Making open source more inclusive
Red Hat is committed to replacing problematic language in our code and documentation. We are beginning with these four terms: master, slave, blacklist, and whitelist. Due to the enormity of this endeavor, these changes will be gradually implemented over upcoming releases. For more details on making our language more inclusive, see our CTO Chris Wright’s message.
What is OpenShift Streams for Apache Kafka?
Red Hat OpenShift Streams for Apache Kafka is a cloud service that simplifies the process of running Apache Kafka. Apache Kafka is an open source, distributed, publish-subscribe messaging system for creating fault-tolerant, real-time data feeds.
Your Red Hat account gives you access to OpenShift Streams for Apache Kafka. Within minutes, you’ll have a Kafka instance up and running, and be ready to start defining the Kafka configuration you need.
Understanding Kafka instances
A Kafka instance comprises a Kafka cluster with multiple brokers. Brokers contain topics that receive and store data. Kafka splits topics into partitions and distributes and replicates the partitions across brokers for fault tolerance and increased throughput.
To understand how a Kafka instance operates as a message broker, it’s important to understand the key concepts described here.
- Kafka cluster
- A Kafka cluster is a group of Kafka brokers, ZooKeeper instances, and management components.
- ZooKeeper provides a cluster coordination service, storing and tracking the status of brokers and consumers.
- A broker, sometimes referred to as a server or node, contains topics and orchestrates the storage and passing of messages.

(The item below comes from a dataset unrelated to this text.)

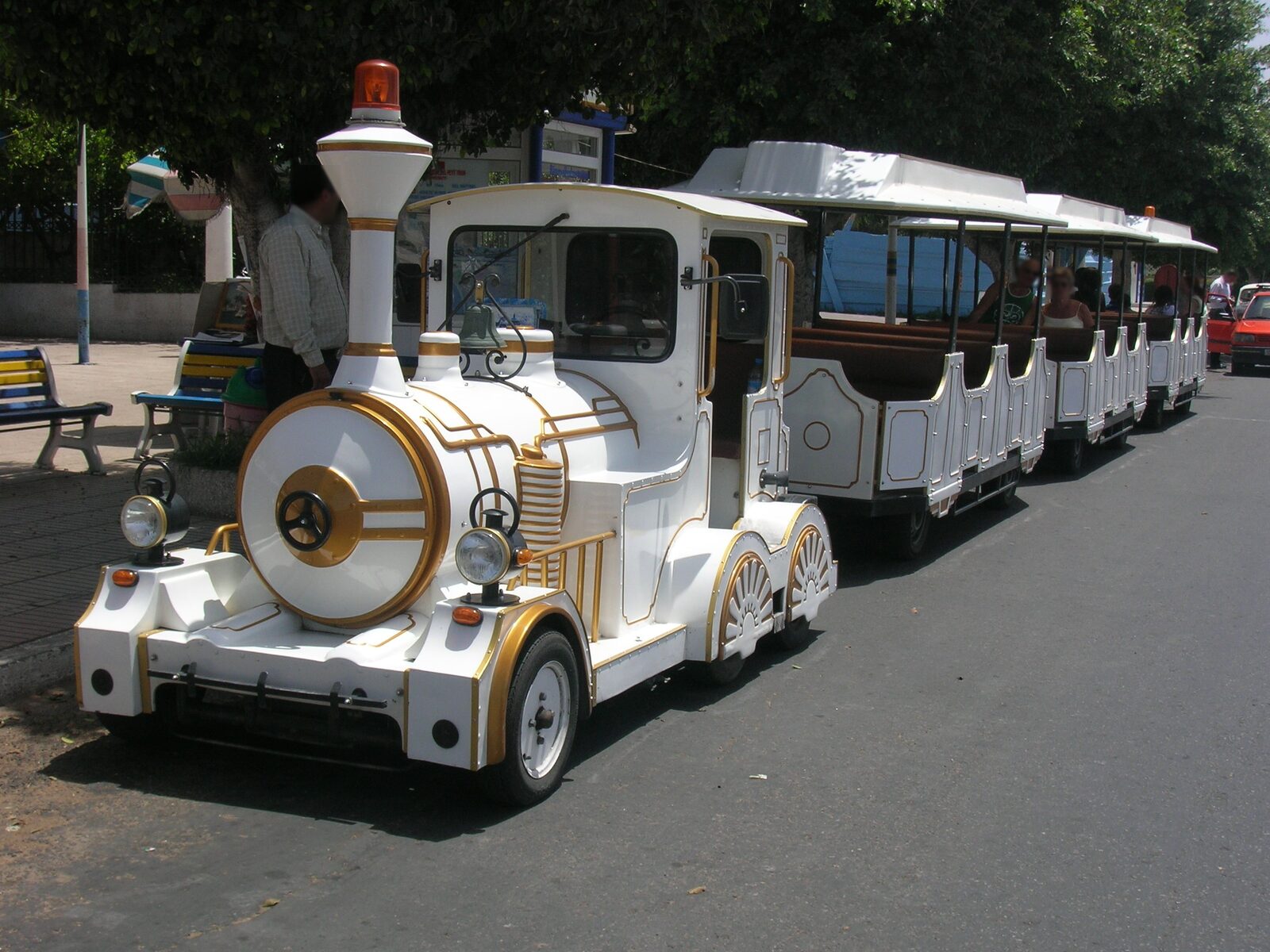 Train touristique d’Agadir in action along the corniche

- A topic provides a destination for the storage of data. Kafka splits each topic into one or more partitions.
- A partition is a subset of a topic. Kafka uses partitions for data sharding and replication. The number of topic partitions is defined by a topic partition count.
- Partition leader
- A partition leader handles all producer requests for a given partition.
- Partition follower
- A partition follower replicates the partition data of a partition leader, optionally handling consumer requests.
- Replication factor
- Topics use a replication factor to configure the number of replicas of each partition within the cluster. A topic comprises at least one partition. In OpenShift Streams for Apache Kafka, the replication factor is 3.
- In-sync replicas
- Kafka elects a partition leader to handle all producer requests for a partition. Partition followers on other brokers replicate the partition data of the partition leader. Each in-sync replica has the same number of messages as the leader. If the leader partition fails, Kafka chooses an in-sync replica as the new leader.
In your configuration, you can define how many replicas must be in sync to be able to produce messages. Kafka commits a message only after the message has been successfully copied to the partition replica. In this way, if the leader fails, the message is not lost.
In OpenShift Streams for Apache Kafka, the minimum number of in-sync replicas is 2. Here we can see in the diagram that each numbered partition has a leader and two followers in replicated topics.
Kafka producers and consumers
Producers and consumers send and receive (publish and subscribe) messages through Kafka brokers. Kafka clients act as producers, consumers, or both.
- A producer sends messages to a broker topic. The broker then writes the messages to a partition, either on a round-robin basis or to a specific partition based on a message key. A round-robin approach distributes messages equally across partitions.
- A consumer subscribes to a topic and reads messages according to partition and offset.
- Consumer group
- You can use consumer groups to share a large data stream generated by multiple producers. Kafka groups any consumers that have the same group ID. It then distributes messages across the group members. Consumers within a group don’t read data from the same partition, but can receive data from one or more partitions.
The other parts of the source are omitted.